Comment - Wehring's Way: Beam Inc and its Maker's Mark Gamble
Beam Inc will reduce the abv of Maker's Mark from 45% to 42%
Pick up a bottle of Maker's Mark, and you can't help but notice the attention to detail, the provenance, the history. That's all the more impressive when you learn that the brand is owned by a listed company.
So, when Beam Inc confirmed its intention to reduce the abv of the Bourbon brand yesterday (11 February), from 45% to 42%, the purists of the whisk(e)y world started sharpening their knives. Charges of “throwing away its premium positioning”, and “doing whatever they can to boost near-term profitability” abound this afternoon.
Put bluntly, this appears to be a capacity issue.
It is clear to me that there has been some miscalculation at the Maker's Mark Distillery in Loretto, Kentucky. That miscalculation appears to be driven by the brand's over-performance – volumes up by 30% since 2010 is a pretty pleasant problem to have to deal with.
Were this to be about profit alone, consider this: In 2012, the Jim Beam brand sold around 7m cases. Maker's Mark sold just over 1m. Much as the latter is positioned as one of the company's “Power Brands” - along with the likes of Jim Beam, Sauza, Courvoisier and Teacher's - it is not yet delivering the type of volumes that make it ripe for 'pillaging'. It would have to be going gangbusters in markets like China and/or India.

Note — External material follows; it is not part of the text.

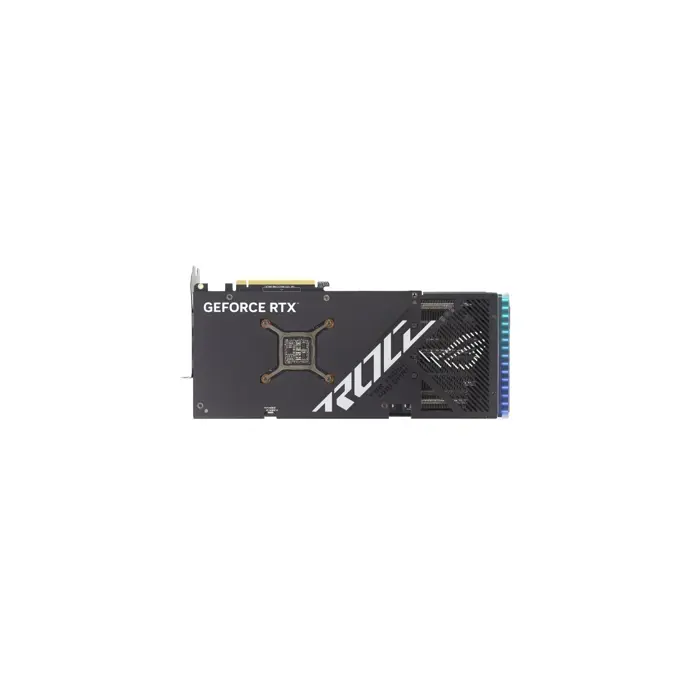 asus-rog-strix-geforce-rtx-4070-super-oc-12gb-gaming-graphic-48950-vgaasunvd0870.webp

Let us, then, consider definitions: To qualify as a 'Straight Bourbon', the liquid needs to be aged for at least two years. Maker's Mark is aged for between five years and nine months, and seven years. Beam is keen to flag that it ages Maker's Mark based on taste, not on legal definition. So, when making the move from 45% to 42%, you can be certain the company will do its utmost to make sure the taste profile is factored in.
And, enough with the 'watered down' accusation. Like Scotch, Irish and - come to think of it – every whisk(e)y category, Bourbon is cut with water as a matter of course. That more water is now being added to Maker's Mark does not mean it's being 'watered down' a whole lot more than before: Working on that basis, it's always been 'watered down'.
My question, ultimately, is this: If you owned a brand that has delivered volume growth of around 60% since 2008 and, as I suspect is the case here, you've been caught out by this success, what would you do with your brand?
In an age where many drinks companies are clinging to price rises to drive their profits, Beam's move isn't quite as offensive as the so-called purists make it out to be.